- _How to complete this task_: Please copy out every line in the records below that includes the word "guys".

- _Record excerpts_:
-=-=-
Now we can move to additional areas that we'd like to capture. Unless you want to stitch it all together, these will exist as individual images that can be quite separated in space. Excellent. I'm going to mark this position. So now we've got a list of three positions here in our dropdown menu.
-=-=-
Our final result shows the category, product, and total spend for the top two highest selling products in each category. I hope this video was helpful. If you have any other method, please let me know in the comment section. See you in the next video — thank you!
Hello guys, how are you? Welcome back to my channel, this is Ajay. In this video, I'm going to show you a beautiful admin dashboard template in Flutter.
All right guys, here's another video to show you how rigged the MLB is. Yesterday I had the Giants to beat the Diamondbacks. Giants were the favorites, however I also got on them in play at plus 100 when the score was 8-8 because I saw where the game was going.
-=-=-
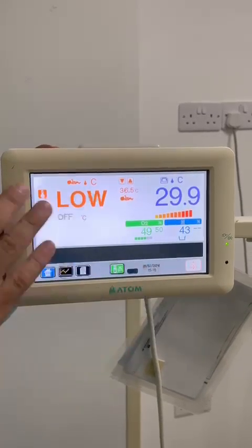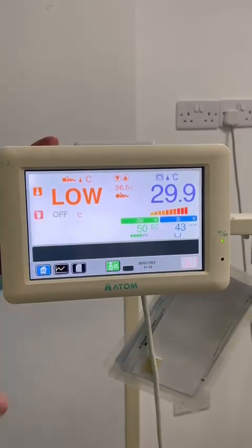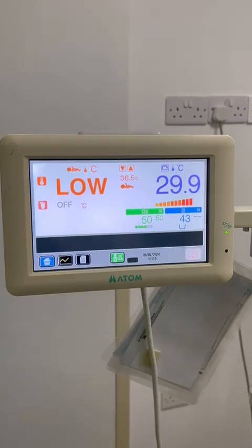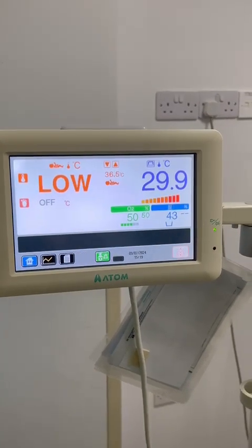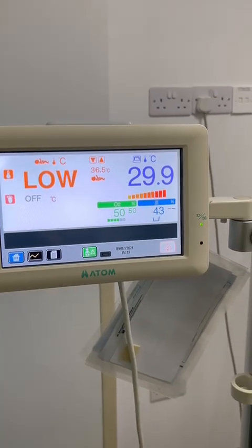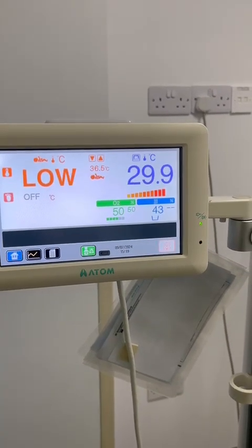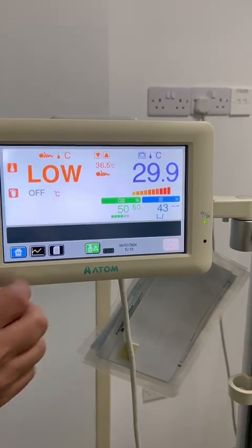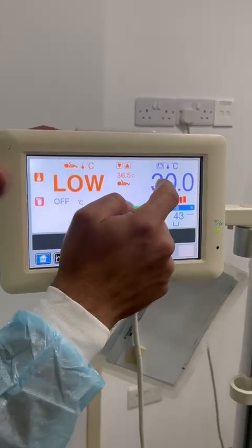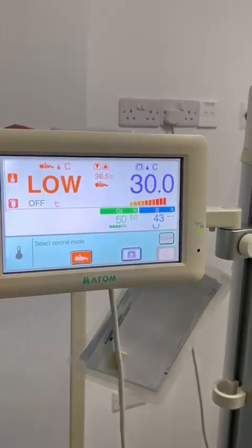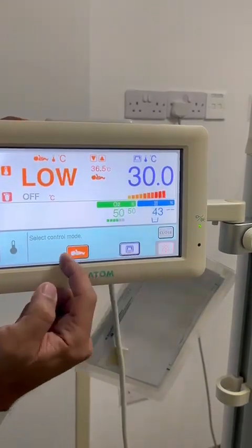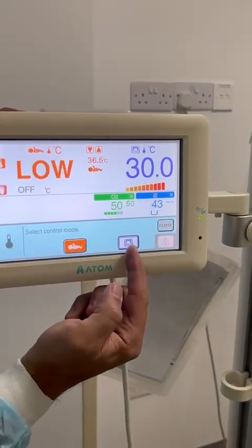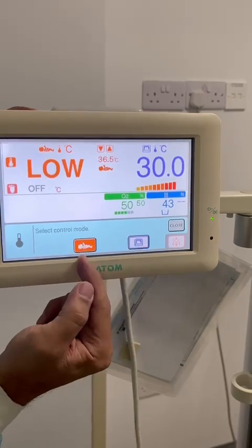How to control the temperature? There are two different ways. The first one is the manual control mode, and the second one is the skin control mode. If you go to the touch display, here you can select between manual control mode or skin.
-=-=-
- _Exercise output_:
Hello guys, how are you? Welcome back to my channel, this is Ajay. In this video, I'm going to show you a beautiful admin dashboard template in Flutter.
All right guys, here's another video to show you how rigged the MLB is. Yesterday I had the Giants to beat the Diamondbacks. Giants were the favorites, however I also got on them in play at plus 100 when the score was 8-8 because I saw where the game was going.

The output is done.